Another Year of Sleepy Hollow
Since we’re short-staffed this year, (who isn’t?), I spent a lot of time up at our Sleepy Hollow event, and even when we found someone to fill in for me, I had trouble staying away from the place. I’ve written about this before, but I might not have explored why it’s been an emotional magnet for me, why the event, and the place, feeds me..
There’s a text I would send, if it would make any difference. It goes like this..
“Saw an old man out walking today–fighting back tears. I asked him why he was emotional. He pointed to his blue-tooth headphones. ‘Moon River,’ he said, ‘Moon River.'”
For someone who hosts big public events, for someone who spends a lot of time thinking about hospitality, I’m basically an introvert. I don’t really understand spontaneous joy. I don’t understand the very people we seem to attract as a business. I live in awe of people who are not self-conscious, the kind of people who can spend hours on the phone with each other, the kind of people who can dance, and not care if anyone is watching — the sort of people who don’t care if their jokes fail–the sort of older sisters who can mess up a story and know they are still loved.
On the last few nights of Sleepy Hollow I saw families dancing with each other, urging each other on in the pumpkin pie eating contest, and “sashaying down the line” with an exhilaration that can’t be faked. Each night, there were moms and dads who thanked me for this experience, but — watching it take place — I found it to be a kind of joyful mystery myself. Who really knows where that honesty of the moment comes? Who can explain where giddy, eleven year old girls get their high spirits, or why teams of moms welcome a newborn not just into the world, but into the dance itself?
“This is your first ice cream..”
“This is your first square dance..”
“This is your first time dancing in your dad’s arms, to the sound of a fiddle.”
“This is ‘Watching the River Run’ right here.”

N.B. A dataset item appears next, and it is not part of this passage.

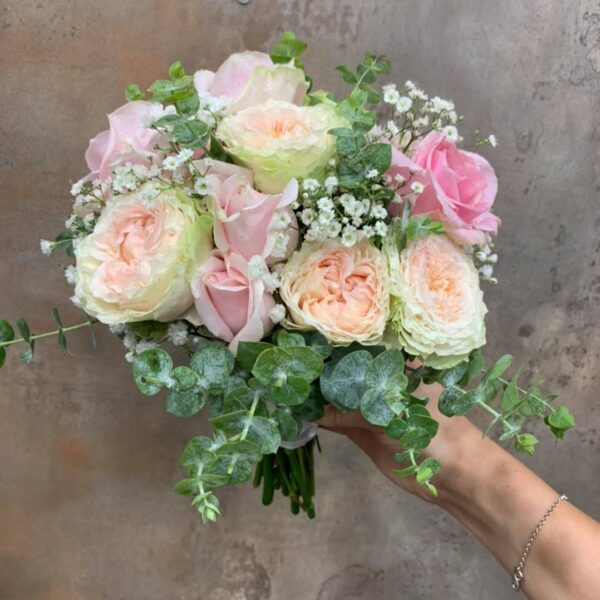 Bouquet rond roses anglaises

I might think about it too much. Maybe you just let this happen, but I’m not sure — these days — it even gets to happen as much as it should, and it might speak to a picture I saw the last evening of Sleepy Hollow that had me giggling and weeping at the same time.
We run a business where we say, “it’s time for the apple-bobbing contest!” One of our farm hands or colonial maids hands you a cored apple with a string through the middle and you pair up and try to eat it without your hands.
It’s just a game. It’s just a little challenge. But in the world of endless digital entertainment, and worry, and schedules, sometimes you don’t even have conversations, much less games with each other.
It was the last Sleepy Hollow night of the year, eighteen events completely sold out, and I saw a girl with a face as sweet as Shirley Temple’s, pigtails and all, holding an apple up for her dad and brother. She couldn’t stop giggling if she wanted to.
Joy. Pure Joy.
“If nothing else,” I told Mary. “We get to see that.”